美山町といえばその名の通り、美しい山、そして豊かな川、とんがり帽子のかやぶき屋根が有名な場所。
よく「日本の原風景」と例えられますが、行ってみると本当に景色が「日本昔ばなしの世界」なんですよ(^ ^)
…ここで「薬膳の話じゃないんかい!」と思われた方、半分正解です(笑)。
このサイトのタイトルは「ナチュごよみ」ですので…ナチュラル(自然派)のものなら何でも取り上げてしまおうという魂胆です。笑 一応、体に良いものの話もしようと思います!
経済と文化を伝えた「西の鯖街道」中継地点
縦に長い京都の、中央あたりに位置する美山町。京都の小学生なら必ず授業で習います。娘も、ちょうどこの前学校で習ったよ!と言っていました。
最寄りの駅はないので、車かバスで向かうことになります。京都市内の自宅から車で出発。2時間ほどの山間の道のりです。ここをかつては人が荷物を担いで山を超えたのか…遠い昔に思いを馳せます。
若狭湾で水揚げした鯖を、京都まで運んだ道として知られる「鯖街道」。美山町を通るルートは西の鯖街道と呼ばれ、福井県から京都御所までの中継地点として栄えたそうです。
西の鯖街道とは違うルートですが、鯖街道を走る「鯖街道マラソン」があり、鯖街道とマラソンを愛する方々が参戦するそうですよ。興味のある方は、ぜひ。

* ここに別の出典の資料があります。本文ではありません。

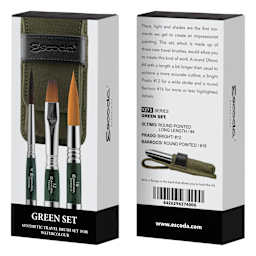 Escoda Synthetic Travel Brushes - Green Set of 3, Assorted, front and back of packaging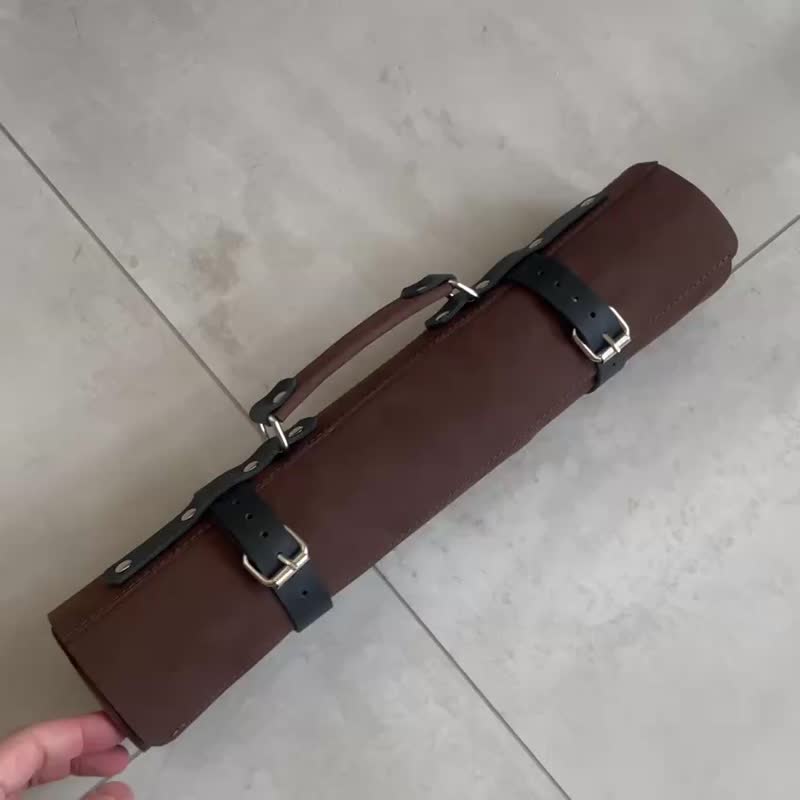 leather knife roll, Chef knife roll bag, Chef knife roll, knife roll case - มีด - หนังแท้ หลากหลายสี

そして到着したのは、美山町の「かやぶきの里」近く。かやぶき屋根の家々が立ち並び、目の前は鯖街道、そして透き通る水が悠々と流れる由良川。景色がとてもきれいです。
名前は知っているけど味は知らない「きび」
駐車場を降りてすぐ、何かが干してあるのを発見。
これは何だ…と近寄ってみると、「きびを乾燥させています。触るとボロボロ落ちるので触らないでください」と張り紙がしてありました。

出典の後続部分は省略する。